PageRank, as its name implies, ranks pages by assigning them scores (Wikipedia). It does so by exploiting implicit information contained in hyperlinks connecting web pages in a directed graph. While it is not obvious to us that a page’s relevance to a query has anything to do with the incoming links to that page, we do agree that page A linking to page B implies that page A’s content has some connections with page B’s. Thus if a page C has incoming links from many pages, it is reasonable to assume that these pages are content-wise connected in some ways and collectively form a domain of information. If we see each of these links as a vote, then within a domain or subgraph, the page receiving the most votes is deemed as relevant by most number of pages. We can then safely assume that, when a user queries a topic, the page with most number of votes has a high probability of being relevant to what the user intends to find. The PageRank algorithm is then a numerical means of determining the relevance of a page by examining its incoming links. When such a popular page is established as an authority on a topic by the algorithm, the pages it points to are also deemed to have high relevance, and thus the popular page’s outgoing links must also possess a greater weight in asserting the pointed pages’ relevance. The popular page’s score is passed on to the pointed pages, so to speak. As PageRank runs iteratively on these pages, each page’s score eventually converges to a stable value that reflects its relevance.

Now armed with knowledge of PageRank, we can question what might happen when PageRank is run on a social graph.
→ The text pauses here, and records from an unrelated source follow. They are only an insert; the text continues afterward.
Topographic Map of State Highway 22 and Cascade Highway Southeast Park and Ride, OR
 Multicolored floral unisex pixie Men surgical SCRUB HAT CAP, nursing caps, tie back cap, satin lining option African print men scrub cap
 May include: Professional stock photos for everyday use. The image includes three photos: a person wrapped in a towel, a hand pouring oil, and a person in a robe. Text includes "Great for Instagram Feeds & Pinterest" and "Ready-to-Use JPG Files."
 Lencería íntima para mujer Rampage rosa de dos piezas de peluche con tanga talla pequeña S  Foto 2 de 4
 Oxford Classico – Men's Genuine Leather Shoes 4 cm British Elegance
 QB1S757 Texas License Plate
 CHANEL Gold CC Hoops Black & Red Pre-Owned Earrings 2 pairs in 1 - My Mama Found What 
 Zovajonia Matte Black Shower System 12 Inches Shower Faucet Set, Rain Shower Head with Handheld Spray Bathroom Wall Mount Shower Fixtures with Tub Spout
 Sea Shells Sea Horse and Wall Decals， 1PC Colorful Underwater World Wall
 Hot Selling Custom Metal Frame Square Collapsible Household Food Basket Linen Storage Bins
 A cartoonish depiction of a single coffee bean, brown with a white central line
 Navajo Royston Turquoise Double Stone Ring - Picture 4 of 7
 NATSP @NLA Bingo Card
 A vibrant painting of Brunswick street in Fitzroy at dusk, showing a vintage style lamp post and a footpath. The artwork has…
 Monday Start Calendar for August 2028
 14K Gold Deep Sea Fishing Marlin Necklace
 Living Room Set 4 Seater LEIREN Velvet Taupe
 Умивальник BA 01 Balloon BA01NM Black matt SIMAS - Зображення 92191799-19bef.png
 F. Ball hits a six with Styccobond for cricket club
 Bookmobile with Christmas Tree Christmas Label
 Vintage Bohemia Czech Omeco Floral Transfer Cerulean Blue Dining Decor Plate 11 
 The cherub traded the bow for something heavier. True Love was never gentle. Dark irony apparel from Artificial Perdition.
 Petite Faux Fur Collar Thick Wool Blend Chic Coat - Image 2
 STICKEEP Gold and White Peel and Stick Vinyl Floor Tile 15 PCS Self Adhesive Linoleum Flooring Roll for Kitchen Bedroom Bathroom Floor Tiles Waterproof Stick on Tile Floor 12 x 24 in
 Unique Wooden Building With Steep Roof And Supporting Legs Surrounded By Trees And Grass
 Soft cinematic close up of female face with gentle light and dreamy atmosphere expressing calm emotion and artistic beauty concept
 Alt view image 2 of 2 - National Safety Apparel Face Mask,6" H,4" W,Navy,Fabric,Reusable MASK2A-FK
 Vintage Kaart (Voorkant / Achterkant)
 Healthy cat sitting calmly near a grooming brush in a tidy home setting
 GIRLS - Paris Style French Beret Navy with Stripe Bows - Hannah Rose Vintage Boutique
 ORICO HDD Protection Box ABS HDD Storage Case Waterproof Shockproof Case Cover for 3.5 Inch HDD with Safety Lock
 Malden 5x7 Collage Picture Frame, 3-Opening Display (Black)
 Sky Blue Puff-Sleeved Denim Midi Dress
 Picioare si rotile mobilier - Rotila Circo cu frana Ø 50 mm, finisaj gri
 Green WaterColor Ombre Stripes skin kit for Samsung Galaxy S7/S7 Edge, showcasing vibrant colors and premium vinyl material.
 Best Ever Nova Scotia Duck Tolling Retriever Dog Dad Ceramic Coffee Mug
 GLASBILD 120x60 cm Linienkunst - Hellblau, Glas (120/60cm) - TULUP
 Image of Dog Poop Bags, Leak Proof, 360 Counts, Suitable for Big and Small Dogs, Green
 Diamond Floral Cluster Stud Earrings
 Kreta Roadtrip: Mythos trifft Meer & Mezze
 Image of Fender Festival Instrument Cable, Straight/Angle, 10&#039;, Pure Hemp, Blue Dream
A social graph is a graph representation of social connections between individuals in a particular population. Two individuals who know each other have an edge between them. Their edge may also carry a weight, perhaps to denote how intimate two individuals’ relationship is. Because social graph is undirected, that is, the edges have no associated directions, we can trivially convert each of the edges into two oppositely directed edges, so that PageRank can run on it. In a social graph, individuals who are well connected possess many incoming edges as well as outgoing edges. It is not hard to see that these individuals have very high PageRank scores. However, an individual with very few neighbors does not necessarily have very low PageRank score. If its few neighbors are those who possess high scores, then it would have high score as well. Knowing this, we now look at several qualitatively different social graphs. In the course of my analysis on several different types of graphs, I found the results rather startling. The first one is a social graph with a tree-like hierarchy. This is commonly seen in such community as employees of a company, or soldiers of different ranks. The second one, though rare, is a chain-like graph. The third one is a T shaped graph.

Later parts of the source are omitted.